Closing The Deal And The Long Road To 2027
Foundry says it closed on the property in early February and expects to deliver the development in the second half of 2027, with Moses Salcido, Lawson Dann, Joey Woodman, and Travis Hammond leading the effort, according to a press release by Foundry Commercial. The company is positioning Edgewood Park of Commerce as part of a bigger push to create thoughtfully scaled small-bay spaces geared toward HVAC suppliers, light manufacturers, and contractors.
Price Tag, Project Size And A Knife-Making Legacy
Industry coverage indicates Foundry paid about $14.1 million for the 41-acre parcel and is budgeting roughly $95 million for the build-out, with individual buildings expected to range from about 80,800 to 107,400 square feet, as reported by ConnectCRE. The land has long been tied to the RandallMade knife works, and the current plan keeps space for Randall to continue operating on the property.
Neighbors At The Table And City Hall Watching Closely
Foundry brought residents into the process early. A public notice shows the company hosted a community meeting at Edgewood City Hall on Nov. 20, 2024, as part of the city’s review. City records and the developer’s plans spell out conditions and design commitments intended to curb traffic, noise, and visual impacts in the small municipality, according to the City of Edgewood.
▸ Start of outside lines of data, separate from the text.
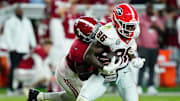 Sep 28, 2024; Tuscaloosa, Alabama, USA;  Georgia Bulldogs wide receiver Dillon Bell (86) runs the ball against Alabama Crimson Tide defensive back Keon Sabb (3) during the fourth quarter at Bryant-Denny Stadium. Mandatory Credit: John David Mercer-Imagn Images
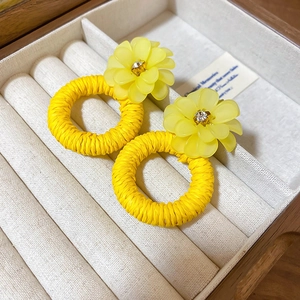 Macro shot of yellow resin flower earrings with woven straw hoops in a jewelry box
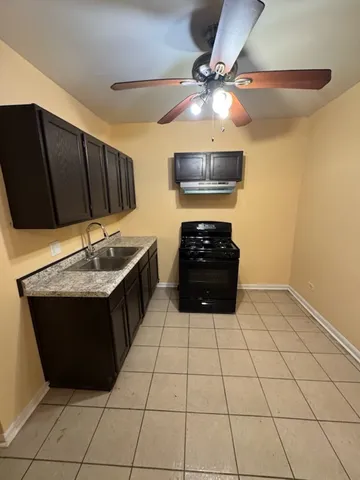 a kitchen with stainless steel appliances a stove a sink and a refrigerator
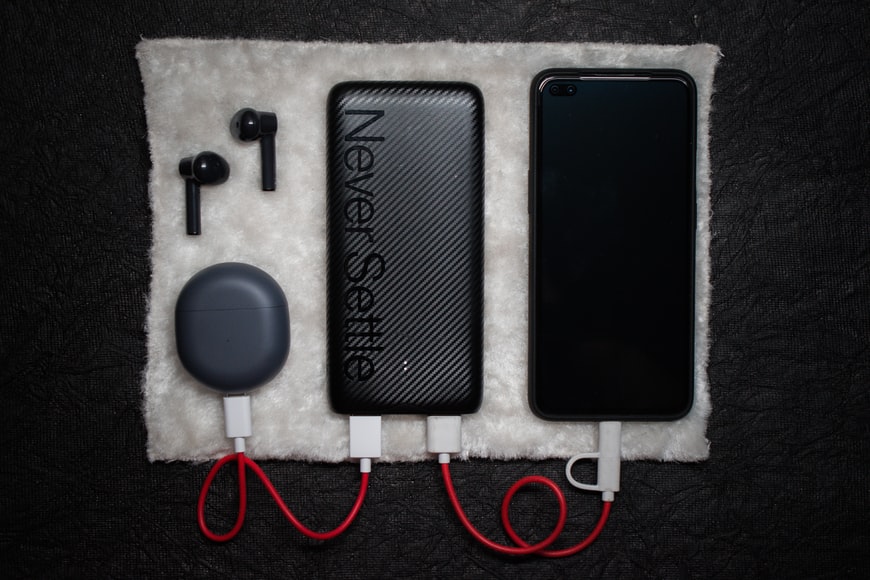 A black power bank charging a earphone case and a smartphone.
Why This Industrial Play Matters For Central Florida
Regional forecasts and industry watchers say developments like Edgewood Park of Commerce reflect a broader tilt toward infill small-bay industrial that serves local businesses while keeping the footprint compact. The University of Central Florida’s spring 2025 Florida & Metro Forecast highlights the Foundry project and points to how reworking urban parcels for tailored industrial space can boost a city’s commercial tax base without resorting to sprawling development, a key argument behind the recent run of similar infill deals.